UCSD fencing team sends four to Junior Olympics

    The UCSD fencing team sent four of its brightest young stars to the Junior Olympics in Arlington, Texas, to compete against the top talent in the United States from Feb. 18 through Feb. 21.

    Freshmen Chelsea Ambort, Jason Runyan and Laurel Yianilos and sophomore Ashok Pathi all competed in the junior division, which was filled with competitors age 19 and under. While the majority of the fencers at the tournament were high school or young college students, some of the competitors were as young as 14. Ambort competed in women’s epée, Pathi and Runyan in men’s sabre and Yianilos in women’s foil.

    The tournament was split into two rounds: pool play and direct elimination. In pool play, fencers were assigned to pools of six or seven fencers, and fencers competed in round-robin, first-to-five-point bouts. After this first round, 20 percent of the competitors were weeded out, and the remaining 80 percent competed in first-to-15-point direct elimination bouts until a champion remained.

    “Tournaments like the Junior Olympics are different,” Ambort said. “The competition is so cutthroat, because people are fighting for these spots on the Junior World team, and the competitors are young and hungry.”

    Runyan, who made his second appearance at the Junior Olympics, finished 62nd out of 158 competitors. He finished 2-3 in pool play, then managed to win his first direct elimination bout 15-8 before falling in his second, missing out on the round of 32, 9-15. Runyan has another year of eligibility in Junior Olympic competition.

    “I was hoping to do better in pool play,” Jason Runyan said. “By not performing a little better, I made my matchups in direct elimination rounds a lot more difficult. The competition here is a lot stronger. Because of the stakes, a lot of people want to go. You get a lot of people and a lot of variety. All in all, you get the best fencers around.”

    Pathi finished 2-4 in pool play, just missing the cut to make direct elimination, and finished 141st overall in his final year of eligibility.

    “In my three years at the Junior Olympics, this was the most fun I’ve had,” Pathi said. “I knew the competition would be tough, because everybody there has to qualify out of their divisions, not just anybody can go. So I just went in hoping to make the best of it, have fun and learn a few things.”

    Ambort took 84th in a field of 159. After going 3-2 in pool play, she entered the first round of direct elimination, the round of 128 competitors. Ambort, a veteran of the Junior Olympics in her final year of eligibility, fell in a heartbreaker, 14-15.

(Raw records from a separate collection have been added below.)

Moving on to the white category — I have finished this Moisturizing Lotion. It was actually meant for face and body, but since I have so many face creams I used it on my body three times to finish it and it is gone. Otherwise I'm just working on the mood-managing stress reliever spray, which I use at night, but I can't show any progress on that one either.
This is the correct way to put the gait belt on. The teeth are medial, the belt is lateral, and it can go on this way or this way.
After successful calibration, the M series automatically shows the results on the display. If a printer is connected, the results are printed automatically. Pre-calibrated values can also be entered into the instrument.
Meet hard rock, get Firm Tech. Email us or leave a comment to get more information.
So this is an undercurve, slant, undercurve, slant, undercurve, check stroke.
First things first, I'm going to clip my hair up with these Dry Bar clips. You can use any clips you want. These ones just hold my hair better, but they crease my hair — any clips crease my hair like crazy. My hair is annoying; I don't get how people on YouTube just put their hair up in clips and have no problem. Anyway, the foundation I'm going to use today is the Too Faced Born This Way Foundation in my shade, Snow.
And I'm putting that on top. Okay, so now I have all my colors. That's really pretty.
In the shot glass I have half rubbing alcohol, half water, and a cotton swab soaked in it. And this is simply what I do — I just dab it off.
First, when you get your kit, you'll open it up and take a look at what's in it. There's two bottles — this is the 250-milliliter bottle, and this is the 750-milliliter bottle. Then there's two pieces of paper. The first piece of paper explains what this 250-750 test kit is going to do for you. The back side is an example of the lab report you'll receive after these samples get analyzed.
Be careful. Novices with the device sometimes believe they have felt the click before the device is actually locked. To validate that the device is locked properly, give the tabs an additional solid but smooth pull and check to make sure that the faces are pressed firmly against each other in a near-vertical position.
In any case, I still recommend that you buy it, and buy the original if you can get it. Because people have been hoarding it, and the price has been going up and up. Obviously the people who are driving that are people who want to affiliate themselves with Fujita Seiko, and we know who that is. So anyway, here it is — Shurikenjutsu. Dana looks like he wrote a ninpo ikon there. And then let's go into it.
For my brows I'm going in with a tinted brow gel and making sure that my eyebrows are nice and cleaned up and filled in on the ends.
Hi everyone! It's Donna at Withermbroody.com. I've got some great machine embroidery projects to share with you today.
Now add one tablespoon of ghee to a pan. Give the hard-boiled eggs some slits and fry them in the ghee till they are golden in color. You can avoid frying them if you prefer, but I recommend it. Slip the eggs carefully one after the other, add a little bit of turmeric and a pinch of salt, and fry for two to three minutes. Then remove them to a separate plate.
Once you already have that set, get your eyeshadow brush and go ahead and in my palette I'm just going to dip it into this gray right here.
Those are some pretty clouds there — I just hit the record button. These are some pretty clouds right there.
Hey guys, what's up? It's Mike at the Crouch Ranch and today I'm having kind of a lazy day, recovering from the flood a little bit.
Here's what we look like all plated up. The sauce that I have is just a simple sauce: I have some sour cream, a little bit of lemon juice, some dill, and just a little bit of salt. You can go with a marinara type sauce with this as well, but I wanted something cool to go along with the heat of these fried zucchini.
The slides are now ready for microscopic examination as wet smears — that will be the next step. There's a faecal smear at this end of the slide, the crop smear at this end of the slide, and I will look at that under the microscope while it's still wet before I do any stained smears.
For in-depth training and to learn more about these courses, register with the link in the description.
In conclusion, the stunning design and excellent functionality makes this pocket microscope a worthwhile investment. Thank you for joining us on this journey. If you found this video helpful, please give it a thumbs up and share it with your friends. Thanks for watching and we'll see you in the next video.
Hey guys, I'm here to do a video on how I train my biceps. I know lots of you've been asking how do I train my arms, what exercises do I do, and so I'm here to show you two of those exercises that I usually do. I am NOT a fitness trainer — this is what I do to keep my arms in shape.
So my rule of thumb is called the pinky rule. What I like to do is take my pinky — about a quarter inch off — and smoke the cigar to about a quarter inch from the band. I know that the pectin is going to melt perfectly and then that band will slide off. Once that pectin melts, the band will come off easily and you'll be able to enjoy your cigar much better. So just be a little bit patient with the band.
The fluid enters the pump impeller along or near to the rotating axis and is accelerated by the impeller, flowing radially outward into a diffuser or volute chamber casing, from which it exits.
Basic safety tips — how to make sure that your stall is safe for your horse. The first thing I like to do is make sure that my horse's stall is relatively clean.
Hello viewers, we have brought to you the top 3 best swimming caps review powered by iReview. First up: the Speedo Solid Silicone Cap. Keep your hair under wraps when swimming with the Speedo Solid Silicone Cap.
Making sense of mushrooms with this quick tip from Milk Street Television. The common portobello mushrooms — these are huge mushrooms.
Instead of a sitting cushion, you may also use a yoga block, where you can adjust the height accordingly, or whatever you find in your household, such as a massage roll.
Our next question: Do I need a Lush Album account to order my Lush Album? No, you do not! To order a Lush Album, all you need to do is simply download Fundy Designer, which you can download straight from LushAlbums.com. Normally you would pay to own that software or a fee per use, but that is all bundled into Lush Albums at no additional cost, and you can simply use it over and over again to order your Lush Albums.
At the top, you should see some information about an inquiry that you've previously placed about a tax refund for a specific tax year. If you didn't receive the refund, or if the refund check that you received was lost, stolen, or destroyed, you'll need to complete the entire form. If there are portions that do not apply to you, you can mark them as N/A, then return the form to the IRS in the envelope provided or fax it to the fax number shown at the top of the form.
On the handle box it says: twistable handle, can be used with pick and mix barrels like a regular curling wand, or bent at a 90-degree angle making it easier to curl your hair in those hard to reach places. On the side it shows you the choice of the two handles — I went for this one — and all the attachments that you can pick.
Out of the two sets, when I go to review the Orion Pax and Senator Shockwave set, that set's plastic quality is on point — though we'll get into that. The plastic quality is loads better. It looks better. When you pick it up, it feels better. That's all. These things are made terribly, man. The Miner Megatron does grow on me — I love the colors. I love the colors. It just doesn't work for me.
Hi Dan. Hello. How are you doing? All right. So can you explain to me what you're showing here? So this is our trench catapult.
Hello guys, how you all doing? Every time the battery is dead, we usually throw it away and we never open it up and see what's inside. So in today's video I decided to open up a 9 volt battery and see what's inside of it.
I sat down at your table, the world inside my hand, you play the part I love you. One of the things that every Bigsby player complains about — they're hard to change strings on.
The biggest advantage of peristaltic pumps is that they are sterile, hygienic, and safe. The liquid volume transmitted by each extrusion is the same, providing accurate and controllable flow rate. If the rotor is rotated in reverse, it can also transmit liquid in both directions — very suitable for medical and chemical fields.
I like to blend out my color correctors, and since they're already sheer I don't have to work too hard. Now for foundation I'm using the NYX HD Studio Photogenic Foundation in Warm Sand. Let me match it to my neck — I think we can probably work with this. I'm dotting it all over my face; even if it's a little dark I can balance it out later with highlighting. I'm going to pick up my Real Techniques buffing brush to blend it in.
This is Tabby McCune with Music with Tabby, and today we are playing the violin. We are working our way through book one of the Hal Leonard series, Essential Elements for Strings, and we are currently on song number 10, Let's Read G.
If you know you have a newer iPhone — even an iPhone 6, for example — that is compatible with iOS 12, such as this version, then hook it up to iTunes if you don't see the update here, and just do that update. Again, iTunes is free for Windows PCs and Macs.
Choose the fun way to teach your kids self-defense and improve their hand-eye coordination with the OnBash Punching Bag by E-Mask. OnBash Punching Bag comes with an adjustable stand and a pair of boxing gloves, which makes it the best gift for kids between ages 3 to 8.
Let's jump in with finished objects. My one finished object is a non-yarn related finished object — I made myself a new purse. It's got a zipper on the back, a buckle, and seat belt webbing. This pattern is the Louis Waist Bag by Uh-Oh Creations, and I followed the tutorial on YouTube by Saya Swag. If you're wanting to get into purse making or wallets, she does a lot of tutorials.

    “I’m disappointed I didn’t do better, because I was hoping my experience would give me an advantage against the younger girls,” Ambort said. “It’s kind of interesting though, that I used to be the young girl going out and upsetting the older girls, and now the roles have changed. I just wish I could have done better for the school’s sake.”

    Yianilos, in her second year at the Junior Olympics, went an even 3-3 in pool play, good for a spot in direct elimination and a bye in the first round. However, in Yianilos’ first direct elimination bout in the round of 64, she went down, ending her tournament.

    “After not making it to the direct elimination round last year, my goal was to not only make it there this year, but to make it to the second round,” she said. “I achieved that, and can go back next year to get even further.”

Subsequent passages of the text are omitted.